Live births from urine derived cells

Abstract

Here we report urine-derived cell (UDC) culture and subsequent use for cloning which resulted in the successful development of cloned canine pups, which have remained healthy into adulthood. Bovine UDCs were used in vitro to establish comparative differences between cell sources. UDCs were chosen as a readily available and noninvasive source for obtaining cells. We analyzed the viability of cells stored in urine over time and could consistently culture cells which had remained in urine for 48hrs. Cells were shown to be viable and capable of being transfected with plasmids. Although primarily of epithelial origin, cells were found from multiple lineages, indicating that they enter the urine from more than one source. Held in urine, at 4°C, the majority of cells maintained their membrane integrity for several days. When compared to in vitro fertilization (IVF) derived embryos or those from traditional SCNT, UDC derived embryos did not differ in total cell number or in the number of DNA breaks, measured by TUNEL stain. These results indicate that viable cells can be obtained from multiple species' urine, capable of being used to produce live offspring at a comparable rate to other cell sources, evidenced by a 25% pregnancy rate and 2 live births with no losses in the canine UDC cloning trial. This represents a noninvasive means to recover the breeding capacity of genetically important or infertile animals. Obtaining cells in this way may provide source material for human and animal studies where cells are utilized.

Fig 1

Cells number per volume (ml) of urine following micturition collection in A) Canine and B) Bovine samples C) Average cell number per ml, canine numbers displayed divided by 100 for scale. Error bars SEM *(p = 0.036).

Fig 2

Canine Urine and UDCs A) Urine cells following isolation. B) Cellular morphological variation of large and small cells and integrity staining utilizing Propidium Iodide (red) and Hoechst 33342 (blue). Red stained cells indicate membrane permeability and thus non-viable cells; blue stain illustrates nuclei with intact membranes. C) Urine cell integrity indicate by Propidium iodide negative stain over time stored at 4°C (*p<0.05, *** p<0.001).

Fig 3

UDC immunohistochemical characterization with Hoechst indicating nuclei (Blue) A) Vimentine positive cells (Red) B) E-Cadherin positive staining(Green) C Pancytokeratin stain (Green). D. Pancytokeratin stain overlaid on light microscopy image. E) Presense of Mesynchymal cellular marker Vimentin, F) Epithelial marker P-Glycoprotein. G Further markers for cell characterization indicating a heterogeneous cell population in UDCs.

Fig 4

Embryo quality analysis A) Representative images of blastocyst with total cells (Blue) and TUNEL positive cells (Green), indicating DNA breaks B) Total cell number and TUNEL staining in 8 day embryos derived from IVF, SCNT with standard grown cells, and UDC SCNT. C) average ratio of tunnel positive cells to total cell counts. Error bars are SD.
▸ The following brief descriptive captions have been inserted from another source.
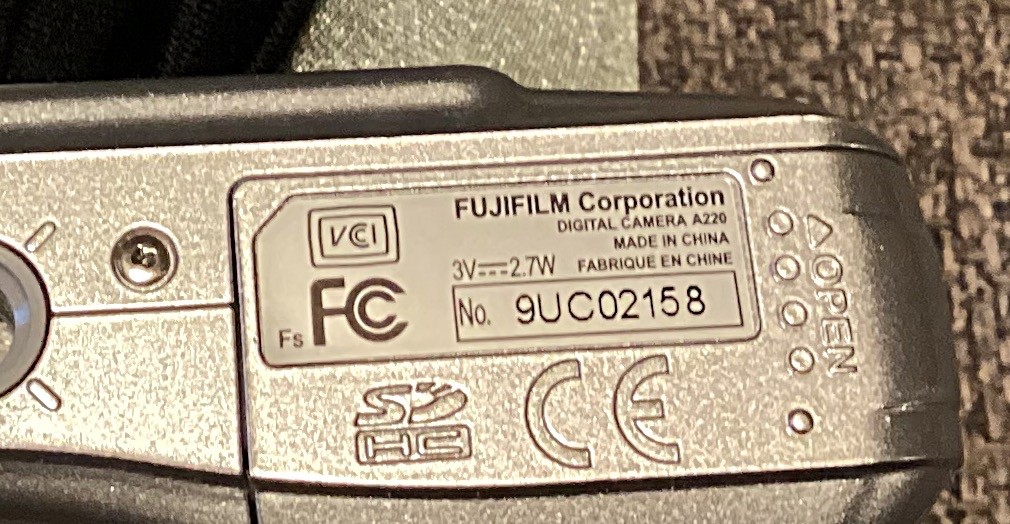 Fujifilm FinePix A220 12.2MP Digital Camera 3x Optical Zoom (For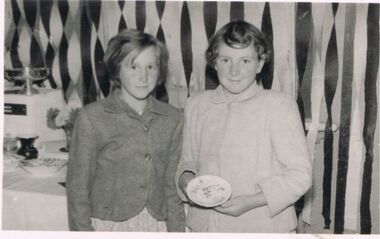Photograph - BERT GRAHAM COLLECTION: PHOTOGRAPH OF TWO GIRLS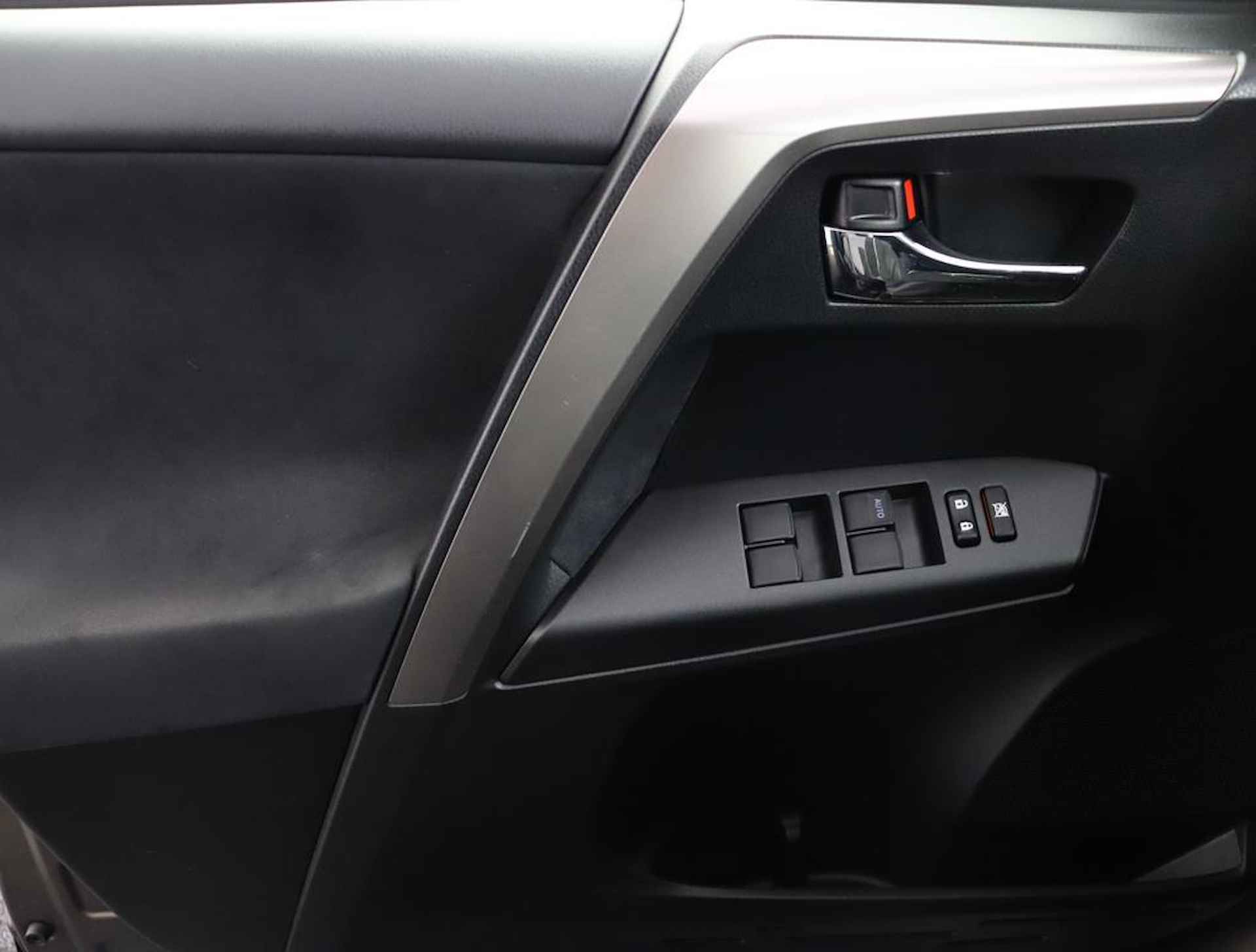 Toyota RAV4 2.5 Hybrid Style | Navigatie | Camera | Volledige historie | Trekhaak afneembaar | Parkeerhulp V+A | - 30/57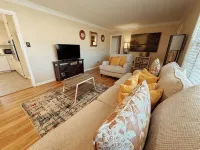Entire Beautiful Home 3 Bedroom & 2 Bath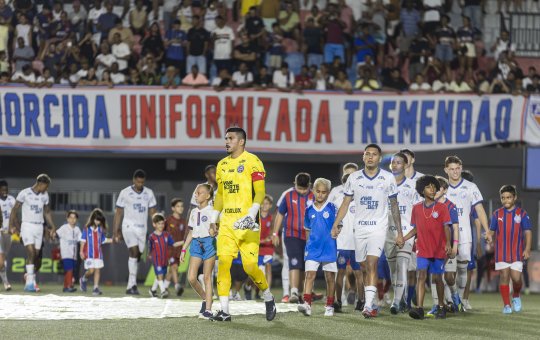 100% na temporada, Bahia deve promover a estreia do time principal neste sábado (17)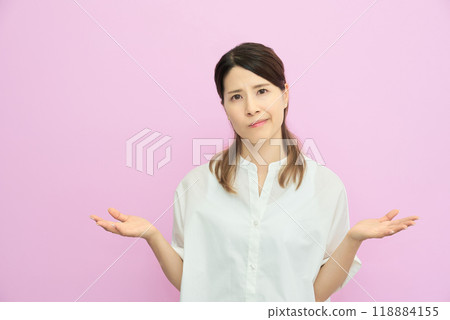A woman with a questioning expression A woman with a questioning expression 118884155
Fig 5. The UDC cloning flow through.

A) Urine collected, B) Analysis of cellular viability, C) UDCs established D) SCNT performed, E) Ultrasonic pregnancy confirmation at ~30 days after embryo transfer, F) Cloned puppies.

Fig 6

Growth and Development of standard SCNT and UDC clone development A) Growth rate until weaning, B) newborns, C) UDC clones at 4 months of age, D) mature UDC clones. Error bars ae SD.